Kreak merupakan gabungan dari 2 kata dalam Bahasa Jawa, yaitu kere dan mayak. Kere berarti miskin, dan mayak berarti banyak tingkah. Awalnya, istilah kreak hanya digunakan untuk mengategorikan orang-orang yang norak secara fashion tapi ingin terlihat keren di depan publik. Tapi, entah mengapa, sekarang definisinya bergeser menjadi sebutan untuk para anomali yang meresahkan masyarakat sekitar.
Lantas, apa sebenarnya kreak itu, bagaimana cara kerja mereka, dan kenapa mereka melakukannya?
Dewasa ini, kreak lebih sering disama-artikan dengan klitih, gangster, dan lain sebagainya. Mereka adalah sekumpulan manusia-manusia yang minim pendidikan dan memiliki ego setinggi langit yang kerjaannya hanya sekadar tawuran, membuat kerusuhan, dan yang terbaru, melakukan penyerangan kepada orang-orang secara acak di suatu tempat/wilayah tertentu.
Aku pribadi merasa bahwa, sepertinya, eksistensi dari perkumpulan pemuda caper ini eksis di setiap kabupaten/kota di Indonesia. Ini bisa terjadi karena pada dasarnya, mereka hanyalah sekumpulan anak muda yang haus akan validasi dan perhatian dari orang lain. Tapi, karena tidak adanya orang 'baik' yang sudi untuk membimbing dan mengarahkan mereka dalam mencapai apa yang mereka tuju melalui jalan yang baik dan benar, akhirnya para influencer yang tidak bertanggung jawab menjadi role model pilihan mereka.
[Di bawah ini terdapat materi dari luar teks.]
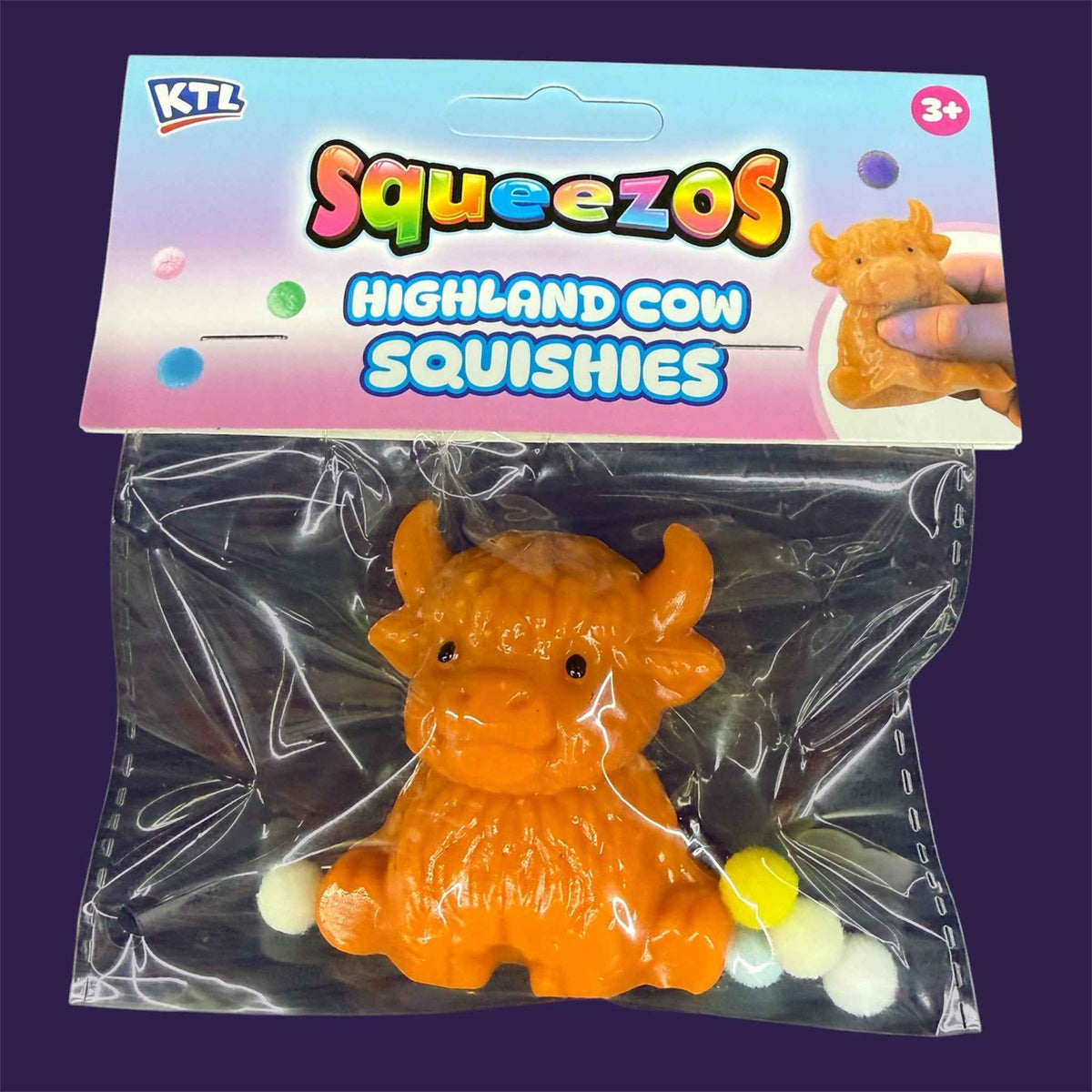 Highland Cow Squishy in original packaging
Hal ini dibuktikan dengan banyaknya anak muda bermasalah yang menjadikan sesosok "Katak Bhizer" sebagai idola mereka. Kebanyakan dari mereka merasa terinspirasi dan termotivasi oleh cerita idolanya itu yang berhasil menjatuhkan puluhan orang seorang diri. Mereka menganggap bahwa mengalahkan banyak orang dalam perkelahian merupakan sebuah hal yang keren. Padahal, jikalau kita mau menggunakan otak kita sedikit sahaja, seharusnya kita merasa aneh ketika mendengar sebuah cerita yang "too good to be true" seperti itu.
Dampaknya, yang membuatku merasa benar-benar terganggu, adalah meningkatnya aktivitas meresahkan dan membahayakan dari para kreak ini di Kota Semarang dan sekitarnya. Fenomena ANOMALI ini diawali dengan tewasnya seorang mahasiswa tak bersalah dalam kasus pembacokan oleh orang yang tidak korban kenal yang terjadi di sekitar Taman Sampangan, Semarang. Lalu, teror dari para kreak ini semakin merajalela di daerah sekitar kampus UNNES dan UNDIP sebelum akhirnya menyebar sampai ke hampir seluruh penjuru kota. Bahkan, karena hal ini, banyak sekolah yang sampai-harus merilis peringatan kepada para wali murid untuk memastikan anak perwaliannya sudah berada di rumah sebelum pukul 9 malam.
Tentu sahaja, fenomena anomali ini menimbulkan banyak sekali pertanyaan tentang kenapa dan apa sahaja yang mendasari hal ini bisa terjadi?
Jikalau menilik dari sosial media, tidak sedikit orang yang menyangkut-pautkan fenomena ini sebagai akibat dari meningkatnya degradasi moral para pemuda di Indonesia. Menurut Datu Jatmiko dalam paper Kajian Ilmiah Mata Kuliah Umum nya, kenakalan remaja yang bersifat psikotis, ekstrem, dan melanggar hukum bisa terjadi karena intelektualitas para remaja tersebut tidak berfungsi sehingga terjadi pembekuan moral yang kronis.
Selain itu, berdasarkan acuan dari buku yang ditulis oleh Thomas Lickona dengan judul "Educating for Character: How Our Schools Can Teach Respect and Responsibility", disebutkan bahwa ciri-ciri dari degradasi moral pada sekelompok orang adalah dengan mereka melakukan tindak kriminal, tidak sportif dalam perbuatan, pencurian, melanggar aturan, tawuran antar siswa, tidak menghargai orang lain, sikap perusakan diri, keinginan seksual diluar nikah, penggunaan bahasa kotor, dan pemakaian obat terlarang/narkoba.
Seharusnya, dari sini kita dapat menyimpulkan bahwa gagalnya sistem pendidikan dalam mengolah intelektualitas para siswa, baik dalam hal pelajaran, adab, etika, maupun empati yang melibatkan proses "emotional control", menjadi salah satu penyebab utama akan mengapa fenomena anomali ini terjadi.